We examined photocatalysis of electrospun nanofibers fabricated by two different iron salts of precursors against rhodamine B (RhB) and methyl orange (MO), respectively, exhibiting different ionic characteristics. The absorption spectrum changes (in a and b) obtained from heterogeneous photocatalysis and their related transformed concentration vs time graphics (c) are represented in figures 8 and 9. When looking at the absorptivity of electrospun nanofibers after stirring for 1 hour in the dark, electrospun Hyd-Fe2O3 nanofibers showed higher adsorption towards different characteristics of dyes relative to the AnHyd- Fe2O3 nanofibers. In the case of the photocatalysis of RhB, AnHyd-Fe2O3 nanofibers degraded %56 of the dye in 2 hours while Hyd-Fe2O3 nanofibers degraded all of the dye molecules in the aquatic media. In the photocatalytic degradation experiment of methyl orange (MO), electrospun Hyd-Fe2O3 nanofibers with highly porous destroyed all MO dye molecules in 90 minutes, whereas Hyd- Fe2O3 nanofibers could degrade as low as %13 of dye in 120 minutes. The electrospun Hyd- Fe2O3 nanofibers, which were smaller in diameter and highly porous, exhibited higher photocatalytic performances against both dyes according to electrospun AnHyd-Fe2O3 nanofibers. Also, the electrospun Hyd-Fe2O3 nanofibers were better for degrading MO than for degrading RhB.
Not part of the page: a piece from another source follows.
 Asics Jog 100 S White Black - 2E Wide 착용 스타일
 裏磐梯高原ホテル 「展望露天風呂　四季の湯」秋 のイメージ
The efficient removal of model dyes (RhB and MO) through heterogeneous photocatalytic processes in this work could have resulted from several incorporated sophisticated effects. First, the morphology of the fibres owns orientated nanograins with a few ten nanometers in size and is highly porous, which could enhance the charge transfer mechanism and facilitate electron-hole pair separation. The shorter charge transfer pathway causes faster e−-h+ charge transfer towards the surface before their recombination happens, leading to an enhanced photodegradation rate [71]. The observed enhancement in the photocatalytic activity of the electrospun Hyd-Fe2O3 nanofibers might be due to its multiple light scattering processes leading to reduced e−-h+ recombination rate in the porous architecture. The highly porous architecture can increase light-harvesting efficiency by scattering enhancement and trapping [72].